Work request = From the line with "Graphique des précipitations" through the line with "Free VS Build", repeat the entries verbatim, both end lines included, and add nothing.

Records for the task =
══════════════════════════════

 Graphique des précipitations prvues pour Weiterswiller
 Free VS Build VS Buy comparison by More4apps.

══════════════════════════════

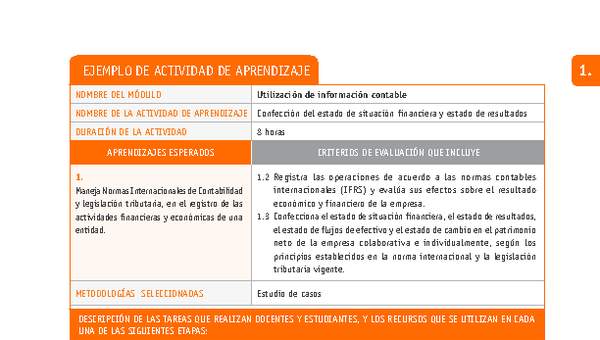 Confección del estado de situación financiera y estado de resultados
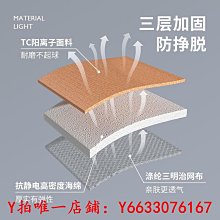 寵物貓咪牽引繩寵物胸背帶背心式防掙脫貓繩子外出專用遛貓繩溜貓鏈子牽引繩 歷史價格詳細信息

══════════════════════════════

Solution below =
 Graphique des précipitations prvues pour Weiterswiller
 Free VS Build VS Buy comparison by More4apps.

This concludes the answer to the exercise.